Beauty and the Beast: Maintaining Your Gym

By Dawn Klingensmith


A bleacher maintenance and inspection checklist includes cleaning drive rollers; inspecting for proper motor voltage; tightening loose handrails and safety railings; and lubricating supports (L-channel, C-channel, brackets, etc.) and moving parts (rollers, cantilever arms, etc.).

"With bleachers specifically, it's critical that school districts be aware that they can break down often and they need maintenance on a regular schedule," Warner said. "When you recognize something's not operating properly, you need to stop and call someone—ignoring the problem will only lead to bigger problems. It could be something as simple as a water bottle jammed somewhere in the bleachers. Or it could be a broken weld that means your bleachers are about to collapse."

Neither bleachers nor basketball backstop systems should be operated by anyone other than a specially trained individual. Students, most coaches and other unqualified operators "are not in tune with or aware of what may be a bad sound or an odd angle" indicative of a structural or mechanical problem, Warner cautioned.

"Once you establish that protocol, then cleaning is probably the next most critical issue with bleachers," Warner said.

The main problem, he added, is that people keep feeding the beast.

"So many schools allow food into the gym," said Warner, adding that he understands it's a source of revenue.

Unfortunately, "Food gets into all the mechanisms—we see this constantly.
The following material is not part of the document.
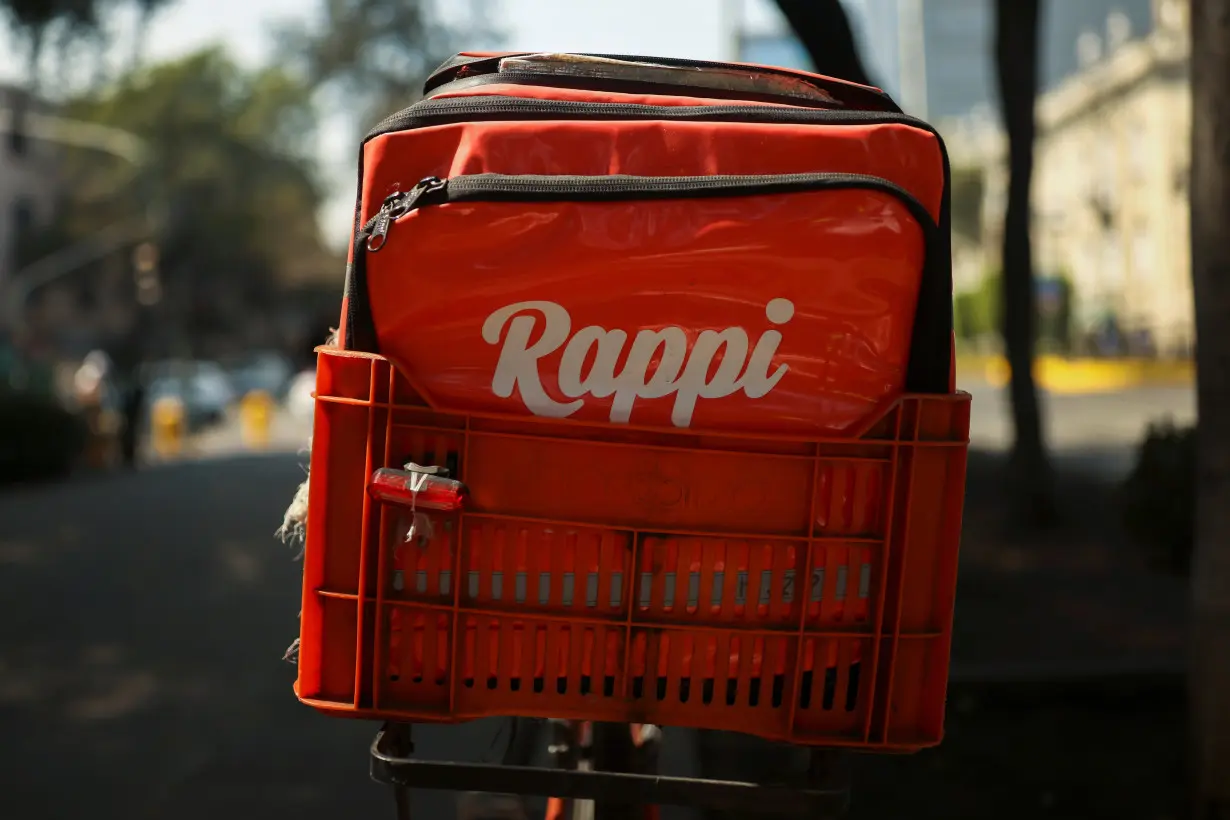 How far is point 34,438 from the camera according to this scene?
16.8 metres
And every time the bleachers cycle in and out, the stuff gets tracked around and works deeper and deeper into the mechanisms," Warner said.
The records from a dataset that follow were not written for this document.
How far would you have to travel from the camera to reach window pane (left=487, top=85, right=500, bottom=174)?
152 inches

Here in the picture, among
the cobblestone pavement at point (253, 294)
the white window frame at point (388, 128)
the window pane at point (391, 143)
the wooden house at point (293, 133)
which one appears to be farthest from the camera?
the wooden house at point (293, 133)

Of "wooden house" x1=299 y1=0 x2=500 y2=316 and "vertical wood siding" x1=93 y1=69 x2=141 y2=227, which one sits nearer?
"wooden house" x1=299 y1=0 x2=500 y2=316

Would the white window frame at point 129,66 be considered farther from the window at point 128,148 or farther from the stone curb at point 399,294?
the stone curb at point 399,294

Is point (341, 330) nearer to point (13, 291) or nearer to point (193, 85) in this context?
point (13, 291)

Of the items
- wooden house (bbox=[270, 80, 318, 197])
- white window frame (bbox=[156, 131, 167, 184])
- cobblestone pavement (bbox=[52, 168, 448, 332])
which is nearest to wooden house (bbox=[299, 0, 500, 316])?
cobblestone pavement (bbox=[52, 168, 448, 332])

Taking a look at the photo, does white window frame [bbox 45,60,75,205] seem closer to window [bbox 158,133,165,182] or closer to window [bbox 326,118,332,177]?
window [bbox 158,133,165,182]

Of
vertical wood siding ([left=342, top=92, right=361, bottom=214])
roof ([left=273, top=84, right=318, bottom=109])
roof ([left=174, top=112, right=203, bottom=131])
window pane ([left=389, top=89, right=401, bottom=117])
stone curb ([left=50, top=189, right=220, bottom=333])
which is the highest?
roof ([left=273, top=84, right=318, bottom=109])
This can attract pests, cause equipment failure and necessitate costly emergency repairs. Therefore, if food is permitted, trash receptacles should be plentiful and patrons urged to use them, Warner said.

"There are ways to clean bleachers properly," Warner said, "but it's not easy. It's time-consuming. I'd say 98 percent of schools don't do it."

Spilled food is not the only threat to the beast. "The biggest (gym maintenance) challenge we face here at Iowa State is the climate. In winter, people track in snow and sand and salt, and that causes a lot of wear and tear to the flooring and bleachers," said Doug Arrowsmith, coordinator of facility operations, Iowa State University at Ames.

For cleaning crews, "It's a constant battle to keep the grit out," he added. "We have rugs and carpet runners at the building entrances to try to get it knocked off."

Yet grit off the street finds its way to the gymnasium and even up in the stands.

"We are constantly trying to keep the bleachers clean," Arrowsmith said. And special care needs to be paid to the flooring underneath the bleachers when the system is recoiled.